LinuxQuestions.org
Share your knowledge at the LQ Wiki.
Home Forums Tutorials Articles Register
Go Back   LinuxQuestions.org > Forums > Non-*NIX Forums > Programming
User Name
Password
Programming This forum is for all programming questions.
The question does not have to be directly related to Linux and any language is fair game.

Notices


Reply
  Search this Thread
Old 05-12-2010, 07:12 AM   #1
openSauce
Member
 
Registered: Oct 2007
Distribution: Fedora, openSUSE
Posts: 252

Rep: Reputation: 39
Equivalence classes, based on field values and multi-key hashtable


Hello

I've got a set of objects (all of the same type). I'm trying to think of a good way to divide it into equivalence classes, with equivalence of two objects defined as meaning a specified set of attributes are equal for both objects.

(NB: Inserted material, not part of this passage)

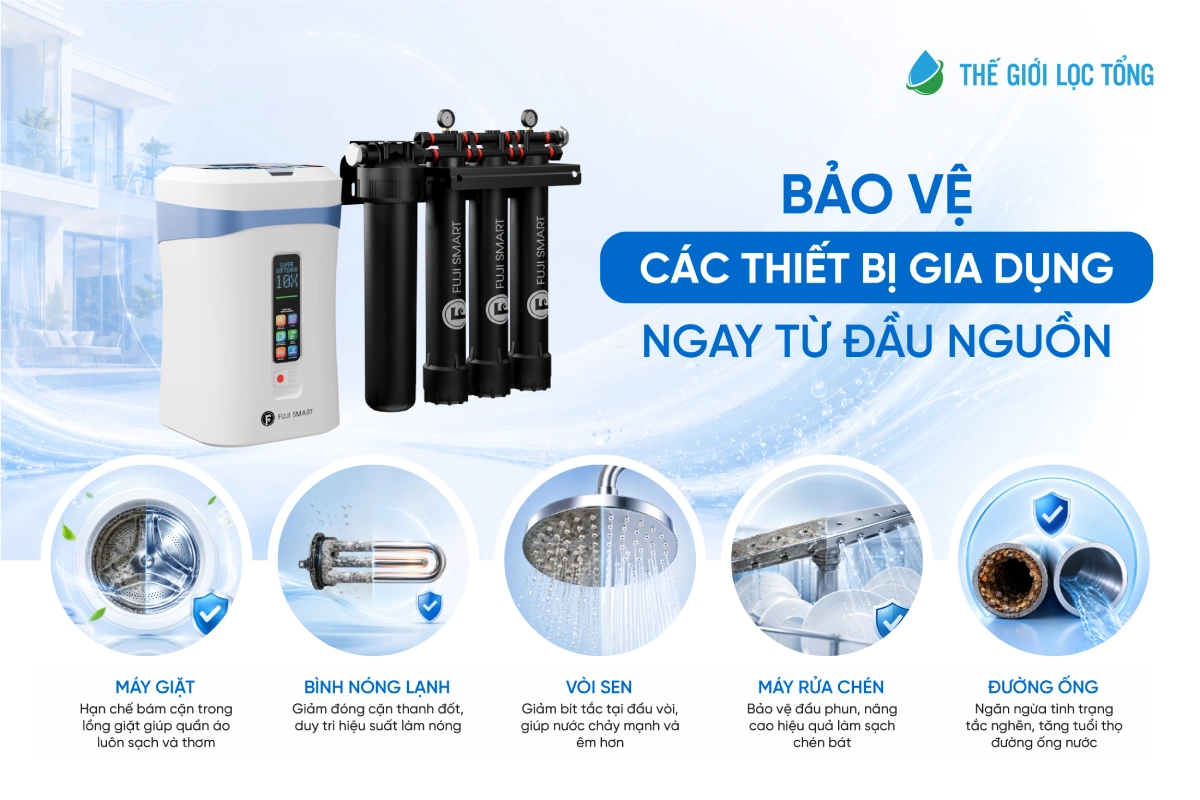 Bộ giải pháp Fuji Smart APT200 và Super Softener CS10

More concretely, I've got:
- a Java class with around 50 fields
- a bunch of instances of the class

I want:
- to divide the instances into a few sets
- in each set, each instance has field 1 - field 5 equal to fields 1-5 of the other instances in the set.

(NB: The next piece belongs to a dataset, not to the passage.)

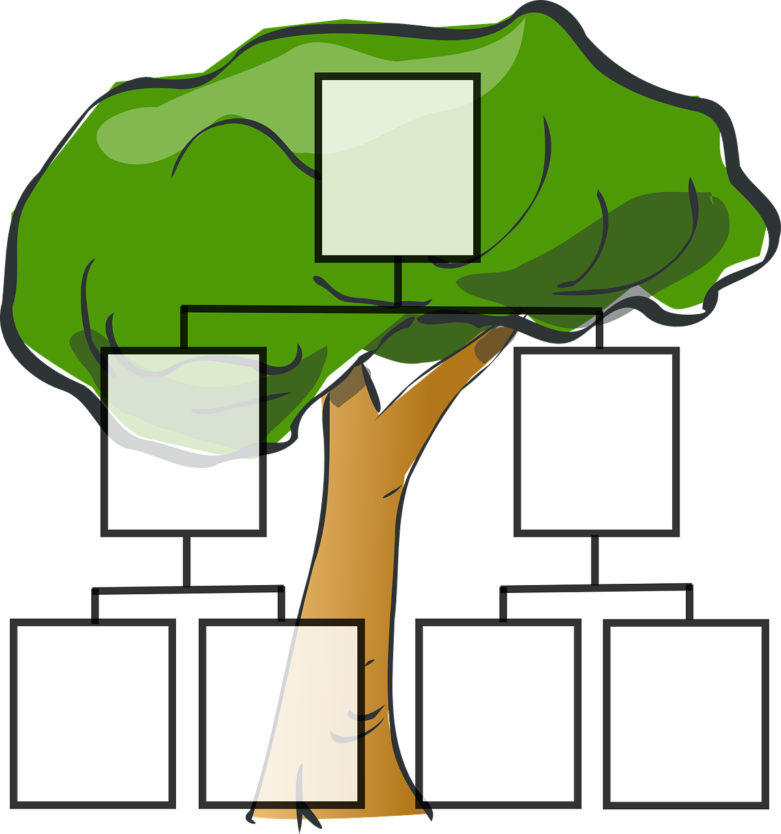 семейное дерево идеи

The method I've come up with is to generate a hashcode for each instance based on the hashcodes of fields 1-5*, and map the hashcode to one of my sets. Ignoring problems with potential hashcode collisions (which I'm expecting to be too rare to worry about for now), does that sound reasonable? It seems simple enough, but I'm wondering if there's a simpler method I haven't thought of.

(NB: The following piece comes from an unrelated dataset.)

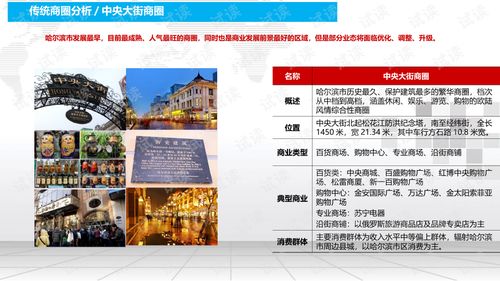 智慧城市商业综合体招商运营及物业管理创新方案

If anyone can think of a better method (quicker to implement/quicker to run/easier to maintain and extend), I'd like to know! Let me know if anything's unclear.

cheers,

OS

* I'll generate the hashcode using a method based on Eclipse's generic hashcode method, which looks like this:
Code:
  public int hashCode() {
    final int prime = 31;
    int result = 1;
    result = prime * result + ( ( f1 == null ) ? 0 : f1.hashCode() );
    result = prime * result + ( ( f2 == null ) ? 0 : f2.hashCode() );
    result = prime * result + ( ( f3 == null ) ? 0 : f3.hashCode() );
    result = prime * result + ( ( f4 == null ) ? 0 : f4.hashCode() );
    result = prime * result + ( ( f5 == null ) ? 0 : f5.hashCode() );
    result = prime * result + ( ( f6 == null ) ? 0 : f6.hashCode() );
    return result;
  }
 
Old 05-13-2010, 12:10 AM   #2
Sergei Steshenko
Senior Member
 
Registered: May 2005
Posts: 4,481

Rep: Reputation: 454Reputation: 454Reputation: 454Reputation: 454Reputation: 454
Quote:
Originally Posted by openSauce View Post
Hello

I've got a set of objects (all of the same type). I'm trying to think of a good way to divide it into equivalence classes, with equivalence of two objects defined as meaning a specified set of attributes are equal for both objects.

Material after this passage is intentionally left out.